When you copy from the entries that follow, take only the lines from the one with "Used 2019 Ford" down to the one with "3123 N Brookfield Property Photo 19", keeping both ends and dropping every picture.

START Data extract

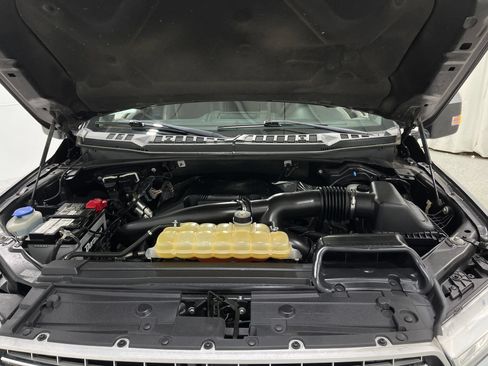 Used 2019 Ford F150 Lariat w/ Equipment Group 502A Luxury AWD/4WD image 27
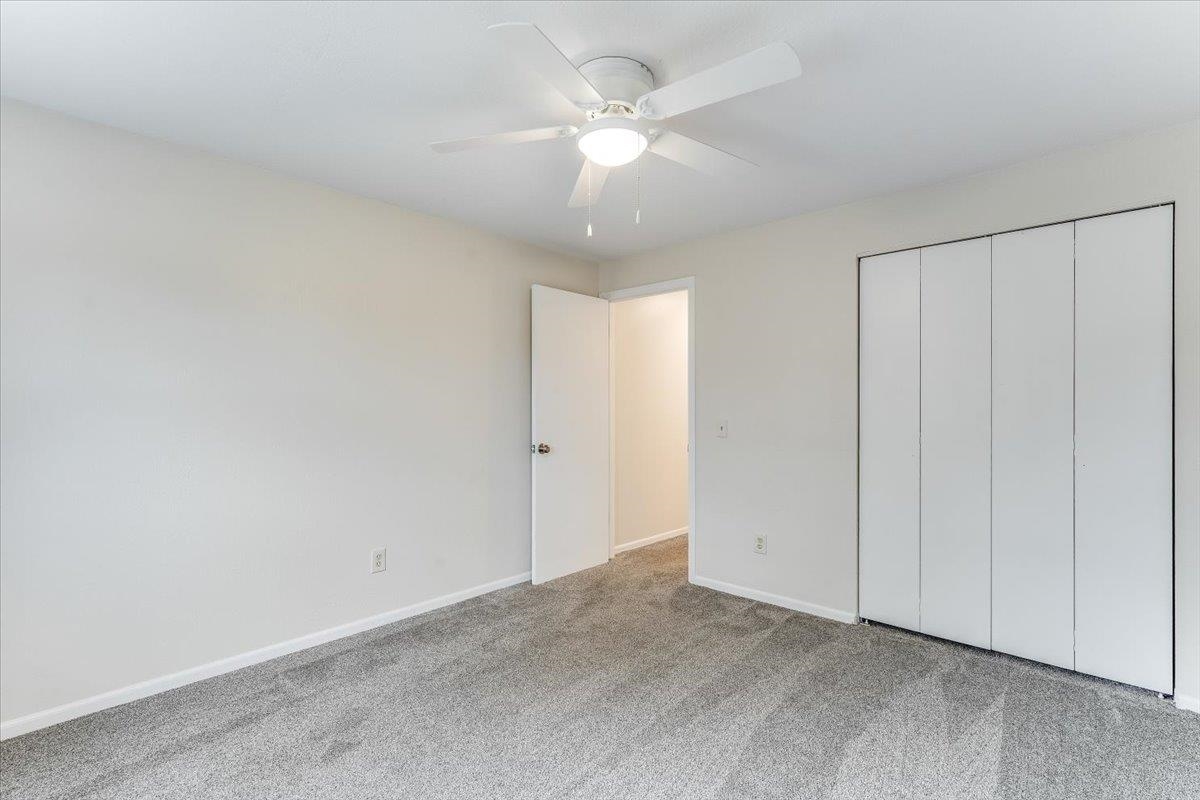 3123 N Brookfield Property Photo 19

END Data extract
START Data extract

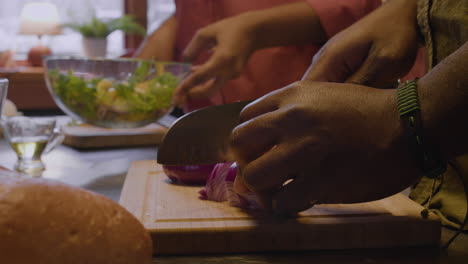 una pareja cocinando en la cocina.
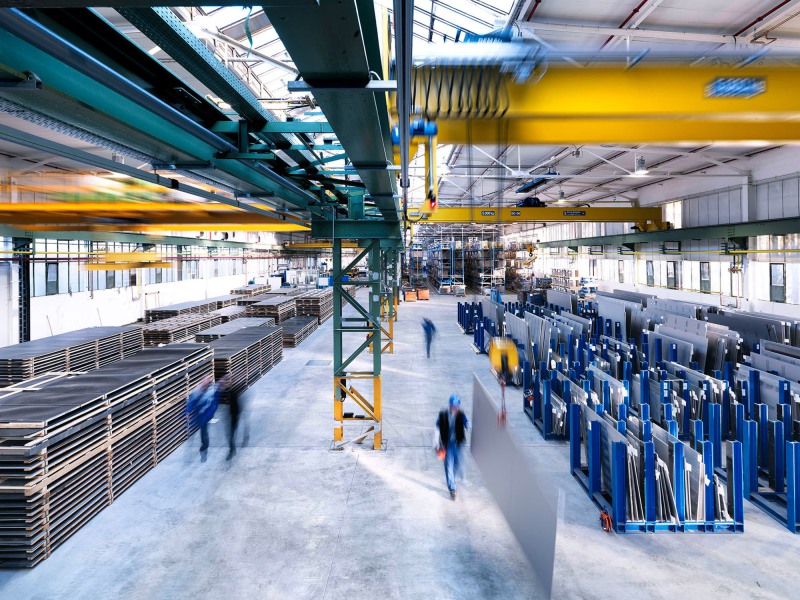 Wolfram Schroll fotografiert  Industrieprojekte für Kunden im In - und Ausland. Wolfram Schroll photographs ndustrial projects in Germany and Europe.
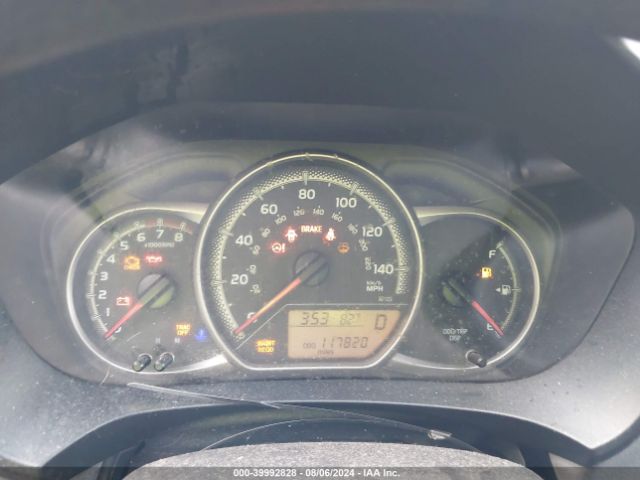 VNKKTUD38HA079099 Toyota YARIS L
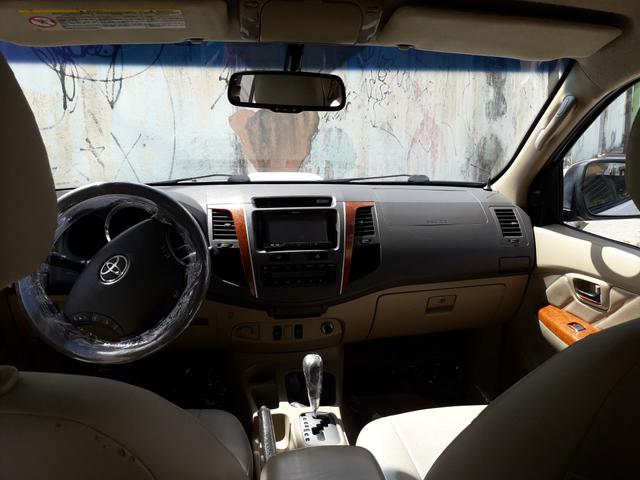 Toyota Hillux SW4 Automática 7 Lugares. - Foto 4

END Data extract

■ Your solution:
 Used 2019 Ford F150 Lariat w/ Equipment Group 502A Luxury AWD/4WD image 27
 3123 N Brookfield Property Photo 19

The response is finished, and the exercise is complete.